I am trying to perform the python implementation of PCA using sklearn. I have created the following function:
def dimensionality_reduction(train_dataset_mod1, train_dataset_mod2, test_dataset_mod1, test_dataset_mod2):
pca = PCA(n_components= 200)
pca.fit(train_dataset_mod1.transpose())
mod1_features_train = pca.components_
pca2 = PCA(n_components=200)
pca2.fit(train_dataset_mod2.transpose())
mod2_features_train = pca2.components_
mod1_features_test = pca.transform(test_dataset_mod1)
mod2_features_test = pca2.transform(test_dataset_mod2)

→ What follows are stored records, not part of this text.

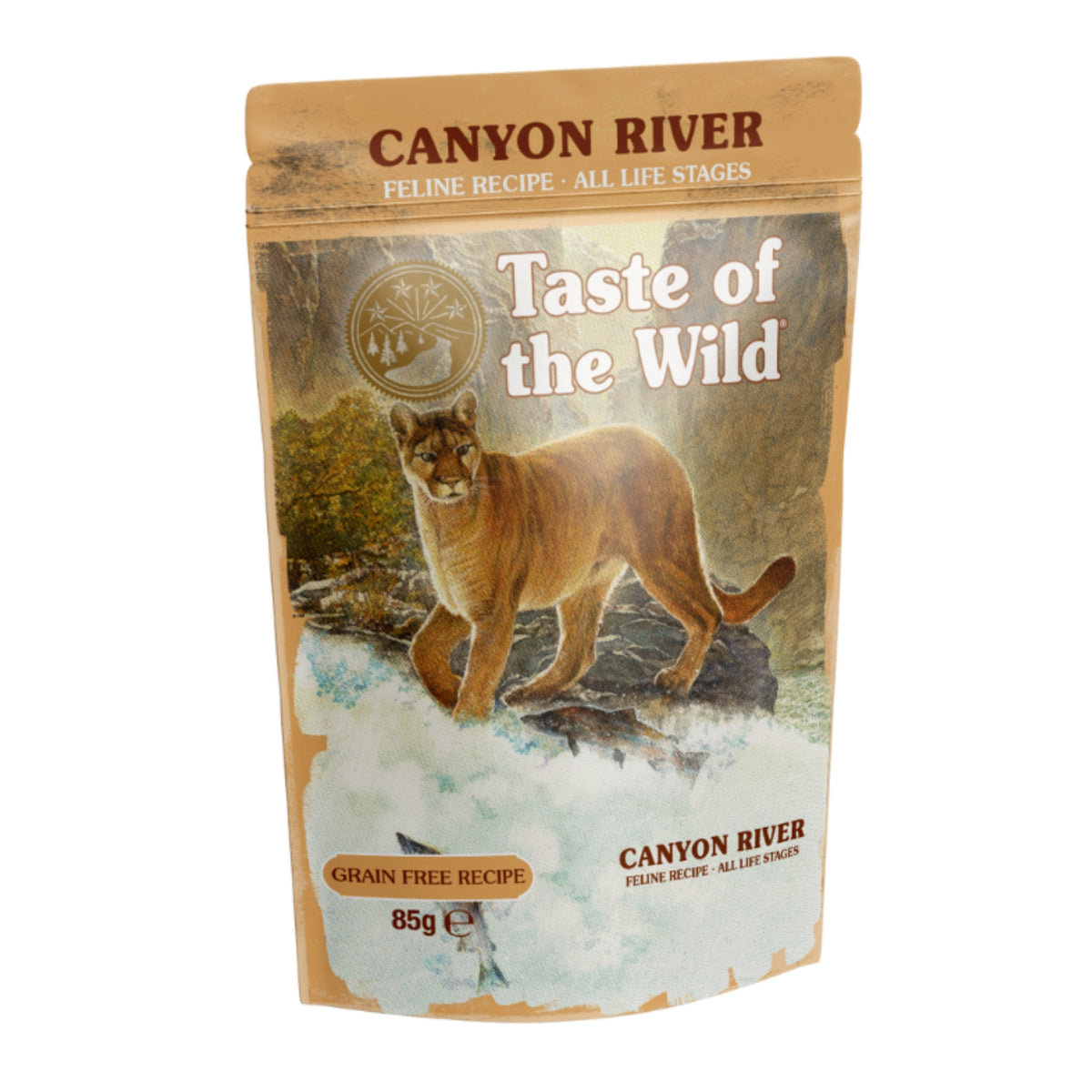 Taste of the Wild Feline Canyon River Chunks in Gravy 85g x 12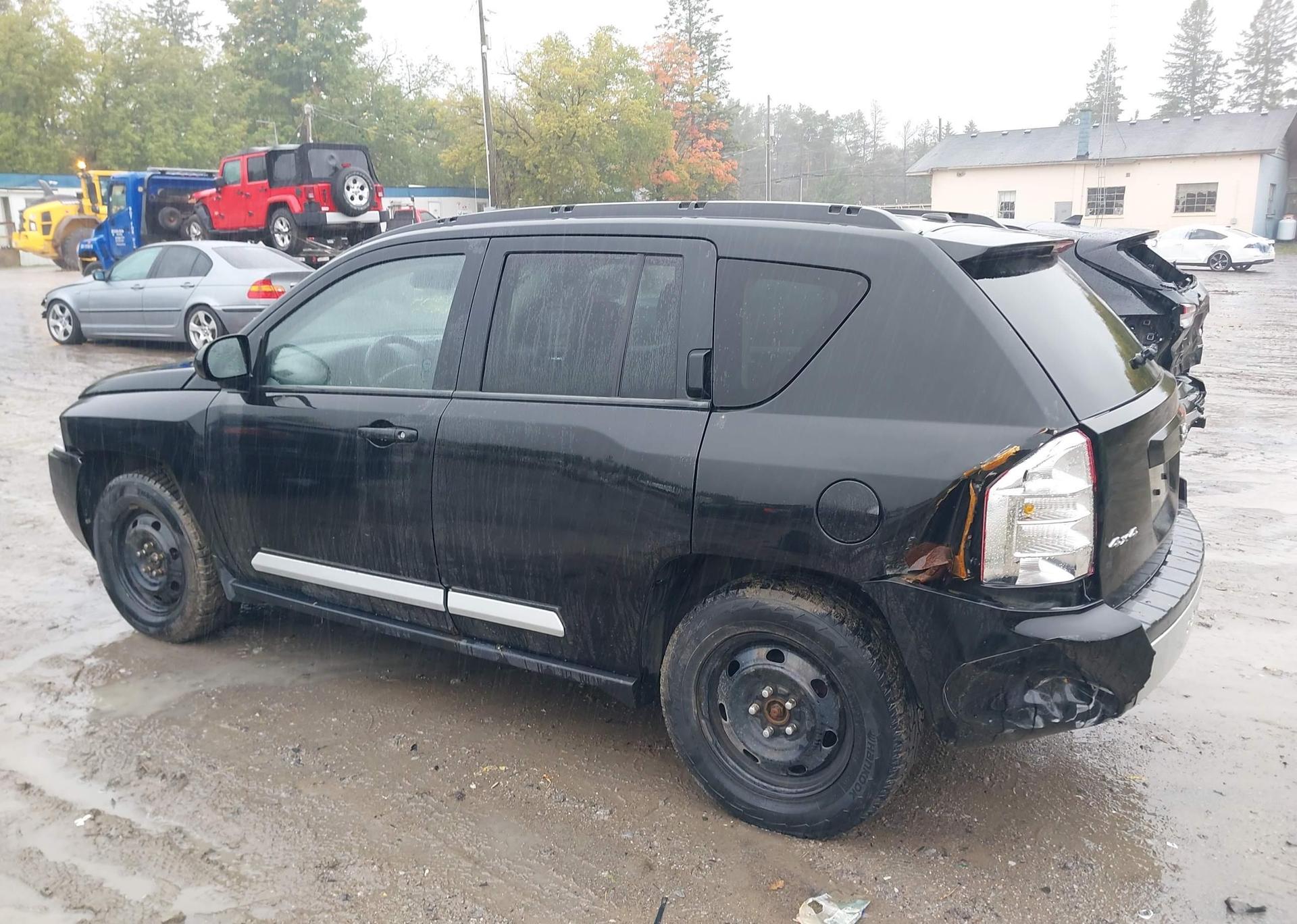 2010 JEEP COMPASS LIMITED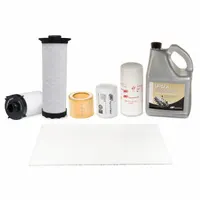 INGERSOLL RAND Maintenance Kit: Pre-Filter/Oil Filter/Air Filter Lubricant, 47739472001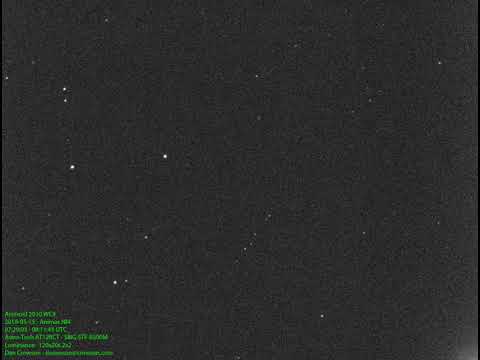 Asteroid 2010 WC9   480x1s   2x2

return mod1_features_train.transpose(), mod2_features_train.transpose(), mod1_features_test, mod2_features_test
The size of my matrices are the following:
train_dataset_mod1 733x5000
test_dataset_mod1 360x5000
mod1_features_train 200x733
train_dataset_mod2 733x8000
test_dataset_mod2 360x8000
mod2_features_train 200x733
However when I am trying to run the whole script I am receiving the following message:
File "\Anaconda2\lib\site-packages\sklearn\decomposition\base.py", line 132, in transform X = X - self.mean_
What is the issue? How can I apply the pca to the test data?
Here an example of the debugging of pca for mod1:
The transformed dataset mod1_features_train and mod1_features_train having the correct size both 500x733. However I cannot do the same with test_dataset_mod1 and test_dataset_mod2, why?
EDIT: During the debugging I noticed that the base.py file of pca, there is an operation X = X - self.mean where X is my test data and self_mean the mean calculated from the fit into the train set (the size of the slf_mean is 733 which does not match with the X). If i remove the transpose() in the training process the pca is working normally without errors, the test_dataset_mod1 and test_dataset_mod2 having correct size 360x500, however, the train_dataset_mod1 and train_dataset_mod2 having wrong sizes 5000x500???
you shouldn't have transpose your matrix in in fit function or if you have to , you have to transpose your matrix in the transform function :
pca.fit(train_dataset_mod1)
pca2.fit(train_dataset_mod2)
mod1_features_test = pca.transform(test_dataset_mod1)
mod2_features_test = pca2.transform(test_dataset_mod2)
or :
pca.fit(train_dataset_mod1.transpose())
pca2.fit(train_dataset_mod2.transpose())
mod1_features_test = pca.transform(test_dataset_mod1.transpose())
mod2_features_test = pca2.transform(test_dataset_mod2.transpose())